[Exercise]:
Every record below is to be restated verbatim, though its images are not.

[Exercise inputs]:
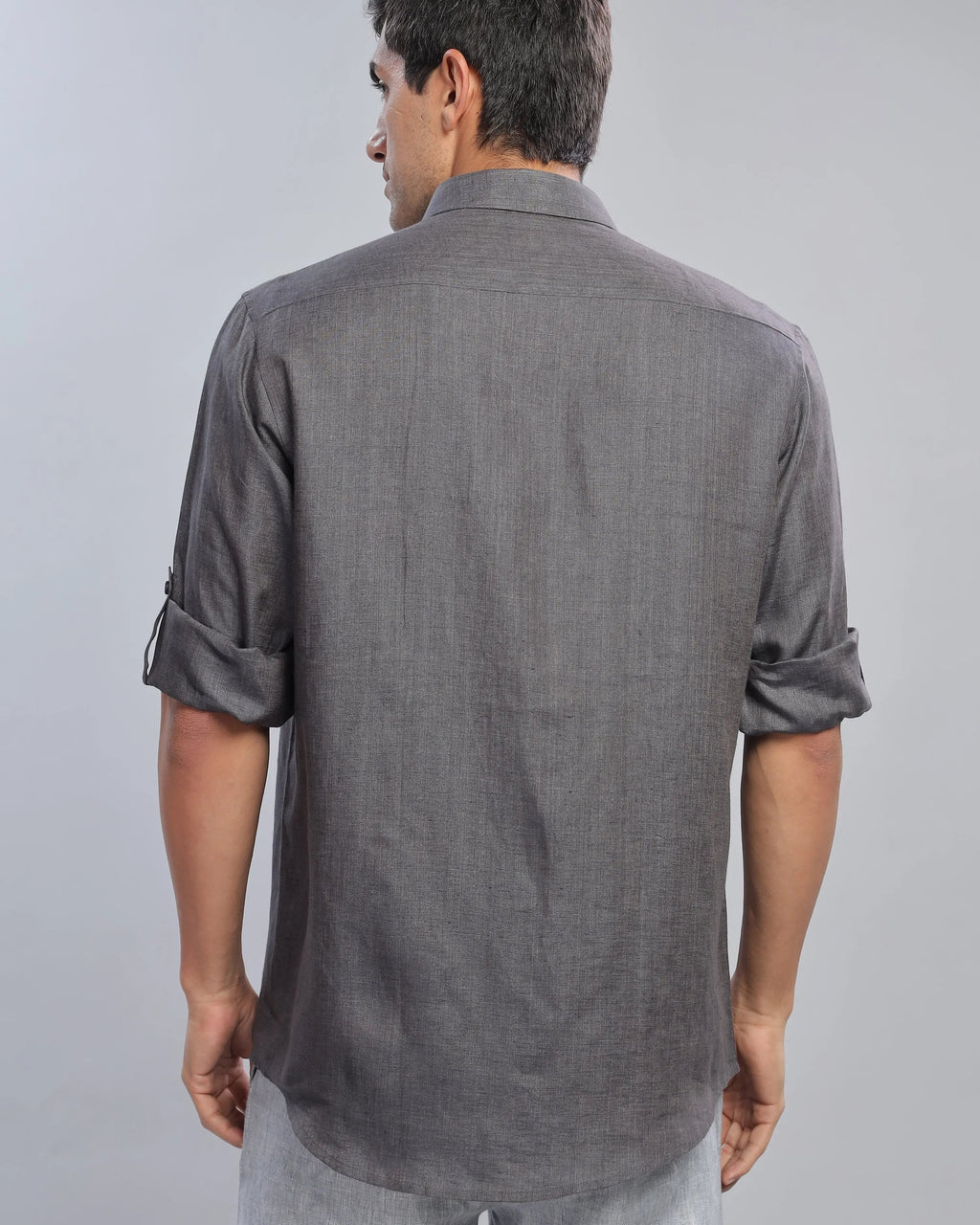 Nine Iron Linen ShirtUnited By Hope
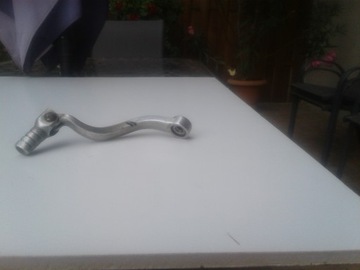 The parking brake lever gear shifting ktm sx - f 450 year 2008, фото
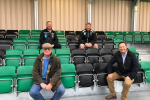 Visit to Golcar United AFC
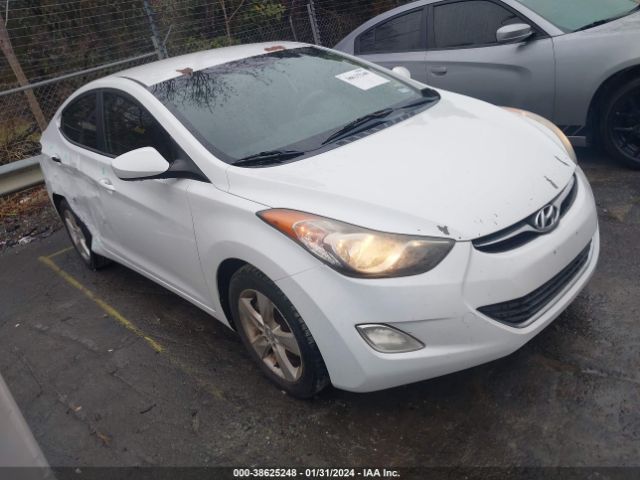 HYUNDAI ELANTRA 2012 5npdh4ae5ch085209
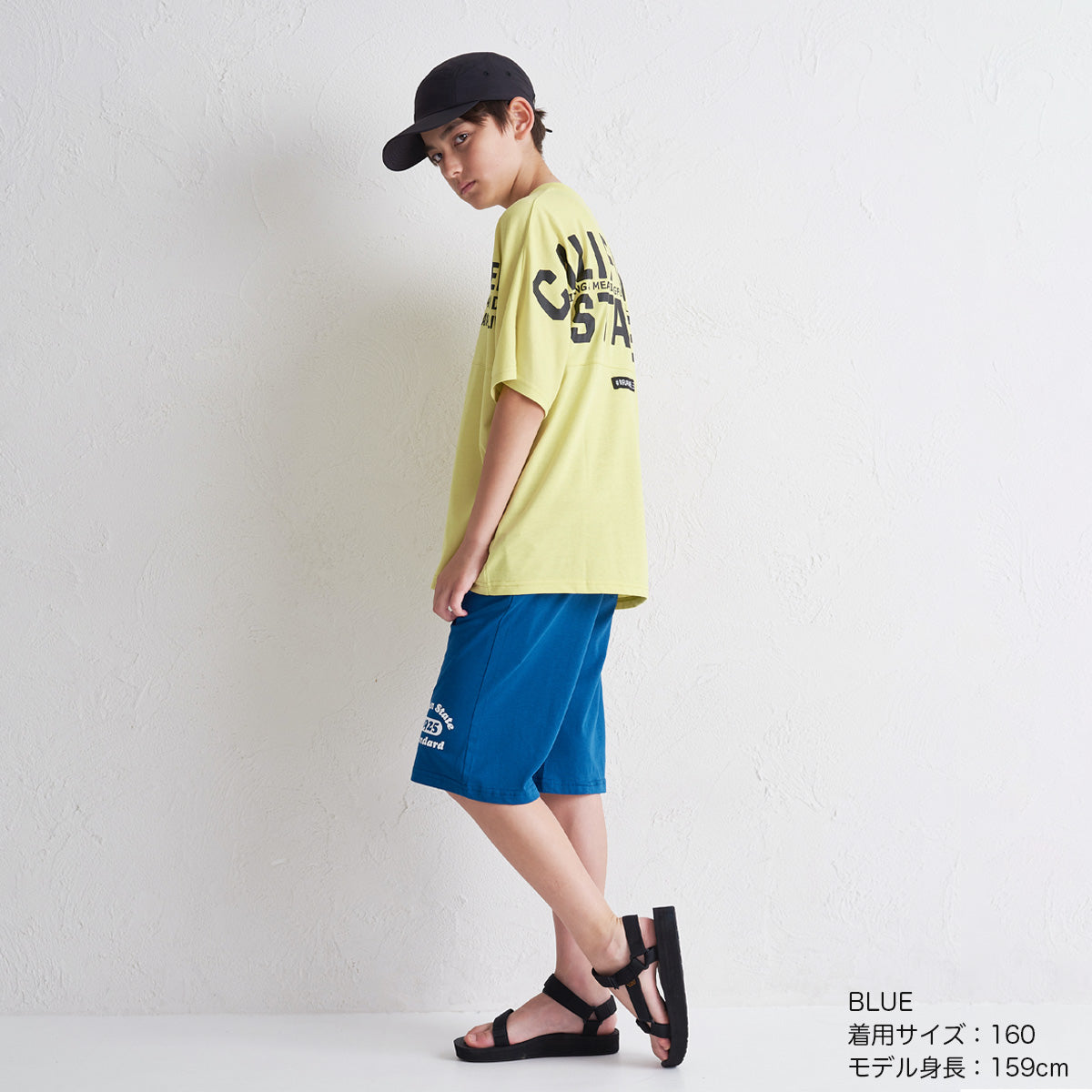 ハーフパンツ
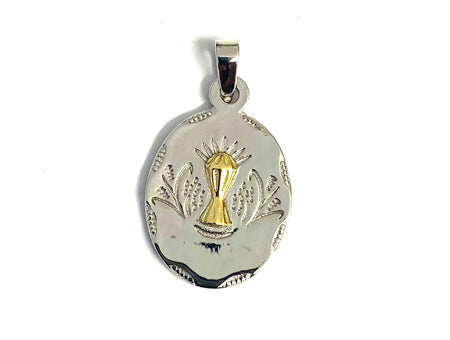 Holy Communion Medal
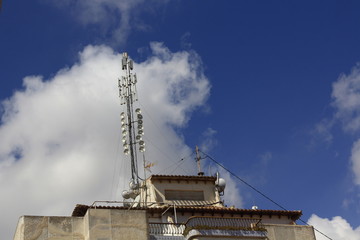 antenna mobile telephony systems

[Result for this exercise]:
 Nine Iron Linen ShirtUnited By Hope
 The parking brake lever gear shifting ktm sx - f 450 year 2008, фото
 Visit to Golcar United AFC
 HYUNDAI ELANTRA 2012 5npdh4ae5ch085209
 ハーフパンツ
 Holy Communion Medal
 antenna mobile telephony systems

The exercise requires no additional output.